En este caso, el reciclaje es radical, porque se ha reciclado todo el edificio.
Aún es más potente cuando lo que se recicla no es solo el exterior del silo sino TODO el silo.
Este edificio también está en Copenhague y se llama, por cierto "The Silo".
IZ. Antes de la obra.
DR. Con la obra terminada.
Ah, y atentos a los interiores de las viviendas, porque son una maravilla.
Pero hay un avance que, a mi juicio, es más importante e incluso más radical a la hora de enfrentarnos a la vivienda contemporánea: la gestión.
La participación de los vecinos en muchos de los procesos, incluso en el proceso de diseño.
Un ejemplo también radical de esta participación ciudadana es el bloque de viviendas Tila, en Helsinki.
Lo que adquieres es un cierto número de metros cuadrados, pero prácticamente todo lo demás, salvo las instalaciones y los baños, lo va conformar el usuario.
Todos estos son estupendos ejemplos de cómo los edificios de viviendas europeos del siglo XXI buscan caminos para adaptarse a la conciencia contemporánea y a las nuevas formas de vivir.
Pero aún hay que resolver un problema: cuánto cuesta una de estas viviendas tan chulas.
En pleno barrio de Sants de Barcelona, mirando a Montjuïc, se levanta el edificio de la cooperativa La Borda.
Es quizá el ejemplo amable, pero también más valiente, de cómo se debería hacer la arquitectura de viviendas en el mundo contemporáneo.
La Borda es un precioso edificio de madera (que fue el edificio de madera más alto de Europa), que tiene terrazas a todos los vientos, donde hay salas para hacer fiestas y reuniones y barbacoas y donde el alquiler cuesta la mitad (o menos).
Al entrar en La Borda hay varias cosas que llaman la atención. Las primeras son pequeñas: unas perchitas rojas para colgar bicicletas en el atrio.
Porque en La Borda no hay parking de coches. Su apuesta por la movilidad (y por el futuro urbano) es así de radical.
Esas perchitas están colocadas en la planta baja del atrio, y hay una por cada vecino adulto. Fue la condición que puso el Ayuntamiento de BCN para permitirles construir sin parking de coches.
Esa planta baja es lo único del edificio que es de hormigón. Lo demás es madera.
¿Y por qué de madera? Bueno, pues porque la madera, aunque aún es más cara que el acero y el hormigón, permite una construcción mucho más rápida.
Al usar sistemas prefabricados (fijaos en que la escalera es un módulo independiente), el edificio se levantó EN SOLO SEIS SEMANAS.
Además, la huella de carbono de la madera es muy inferior a la de los materiales tradicionales, lo cual también entronca con ese futuro al que tenemos que mirar.
Pero las perchitas para bici son algo pequeño y la construcción con madera es algo "invisible".
Sin embargo, en La Borda hay unos cuantas espacio que son inevitables y definidores de lo que este edificio significar.
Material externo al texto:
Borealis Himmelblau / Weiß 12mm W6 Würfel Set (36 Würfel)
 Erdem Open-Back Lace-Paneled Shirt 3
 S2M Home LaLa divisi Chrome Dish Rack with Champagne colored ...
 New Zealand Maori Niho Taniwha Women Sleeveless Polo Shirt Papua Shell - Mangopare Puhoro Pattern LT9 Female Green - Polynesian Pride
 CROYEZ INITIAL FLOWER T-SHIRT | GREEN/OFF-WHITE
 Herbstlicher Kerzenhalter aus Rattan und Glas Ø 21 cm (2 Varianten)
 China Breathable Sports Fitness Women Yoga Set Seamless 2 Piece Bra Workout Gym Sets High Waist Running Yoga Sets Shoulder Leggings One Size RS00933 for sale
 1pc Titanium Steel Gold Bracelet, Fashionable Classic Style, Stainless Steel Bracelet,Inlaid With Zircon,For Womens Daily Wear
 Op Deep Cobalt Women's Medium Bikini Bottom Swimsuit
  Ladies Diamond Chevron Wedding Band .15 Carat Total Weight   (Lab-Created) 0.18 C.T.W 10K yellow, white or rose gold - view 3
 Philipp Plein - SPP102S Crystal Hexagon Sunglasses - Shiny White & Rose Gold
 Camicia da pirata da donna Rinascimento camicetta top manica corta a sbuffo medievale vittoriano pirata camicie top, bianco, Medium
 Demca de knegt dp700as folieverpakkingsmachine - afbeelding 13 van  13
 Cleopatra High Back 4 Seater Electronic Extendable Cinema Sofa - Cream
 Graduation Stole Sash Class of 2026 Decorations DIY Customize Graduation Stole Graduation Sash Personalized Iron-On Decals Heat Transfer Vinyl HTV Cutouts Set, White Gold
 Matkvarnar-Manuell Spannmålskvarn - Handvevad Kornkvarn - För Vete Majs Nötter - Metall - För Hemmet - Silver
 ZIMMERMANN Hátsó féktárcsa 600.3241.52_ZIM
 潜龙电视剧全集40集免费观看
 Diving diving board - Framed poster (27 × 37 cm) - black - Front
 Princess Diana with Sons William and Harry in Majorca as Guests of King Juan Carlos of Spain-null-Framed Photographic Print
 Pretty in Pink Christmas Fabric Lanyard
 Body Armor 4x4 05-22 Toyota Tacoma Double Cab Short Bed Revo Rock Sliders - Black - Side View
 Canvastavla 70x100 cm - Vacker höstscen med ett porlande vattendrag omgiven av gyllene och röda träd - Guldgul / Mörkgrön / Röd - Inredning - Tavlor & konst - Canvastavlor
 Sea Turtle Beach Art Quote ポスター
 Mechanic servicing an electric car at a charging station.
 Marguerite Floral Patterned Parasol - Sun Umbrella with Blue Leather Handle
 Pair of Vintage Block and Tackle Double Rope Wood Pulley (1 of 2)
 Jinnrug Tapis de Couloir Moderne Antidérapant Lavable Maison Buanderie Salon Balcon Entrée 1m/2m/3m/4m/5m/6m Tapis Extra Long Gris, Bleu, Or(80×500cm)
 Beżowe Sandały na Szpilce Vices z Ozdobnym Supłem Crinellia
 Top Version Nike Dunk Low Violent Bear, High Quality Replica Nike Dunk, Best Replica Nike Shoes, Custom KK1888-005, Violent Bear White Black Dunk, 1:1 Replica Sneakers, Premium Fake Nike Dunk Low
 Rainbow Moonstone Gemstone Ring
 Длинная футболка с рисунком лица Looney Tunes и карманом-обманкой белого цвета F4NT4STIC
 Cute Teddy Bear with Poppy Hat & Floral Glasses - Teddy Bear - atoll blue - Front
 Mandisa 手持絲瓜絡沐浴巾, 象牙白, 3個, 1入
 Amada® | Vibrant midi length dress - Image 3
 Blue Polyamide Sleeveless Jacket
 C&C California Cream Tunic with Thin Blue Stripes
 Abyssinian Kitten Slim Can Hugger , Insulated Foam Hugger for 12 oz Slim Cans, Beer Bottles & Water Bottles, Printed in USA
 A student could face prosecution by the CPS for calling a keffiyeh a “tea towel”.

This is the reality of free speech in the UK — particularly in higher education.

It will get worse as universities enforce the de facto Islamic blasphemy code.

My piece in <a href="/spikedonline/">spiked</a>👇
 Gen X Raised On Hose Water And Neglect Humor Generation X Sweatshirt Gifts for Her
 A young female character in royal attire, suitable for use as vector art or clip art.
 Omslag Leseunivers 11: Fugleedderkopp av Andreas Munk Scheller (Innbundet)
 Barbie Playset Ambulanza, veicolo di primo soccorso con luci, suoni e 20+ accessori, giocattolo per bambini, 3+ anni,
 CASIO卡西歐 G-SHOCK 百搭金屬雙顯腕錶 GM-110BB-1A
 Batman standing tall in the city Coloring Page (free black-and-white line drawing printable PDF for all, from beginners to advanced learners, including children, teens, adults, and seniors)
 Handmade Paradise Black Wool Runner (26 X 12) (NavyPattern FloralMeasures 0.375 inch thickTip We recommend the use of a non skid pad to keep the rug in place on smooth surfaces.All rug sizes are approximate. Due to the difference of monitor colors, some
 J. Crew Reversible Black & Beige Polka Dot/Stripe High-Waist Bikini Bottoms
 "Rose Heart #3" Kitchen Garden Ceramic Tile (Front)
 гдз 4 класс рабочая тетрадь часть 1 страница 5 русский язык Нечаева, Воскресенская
Los espacios comunes.
En La Borda hay una enorme cocina-comedor de uso comunitario, que sirve no solo para que cualquier vecino pueda bajar a hacerse (y a comerse) una barbacoa con sus amigos, sino también para que esa barbacoa se comparta con los demás vecinos, si ellos quieren.
A mitad del edificio, se abre una terraza semi-interior de doble altura que, además de contener una lavandería también comunitaria en una de sus paredes, sirve para que los niños jueguen o para que un vecino la reserve para hacer una fiesta, o para reuniones, o para leer...
Hay terrazas para tender o para tumbarse al sol, o para plantar tomates.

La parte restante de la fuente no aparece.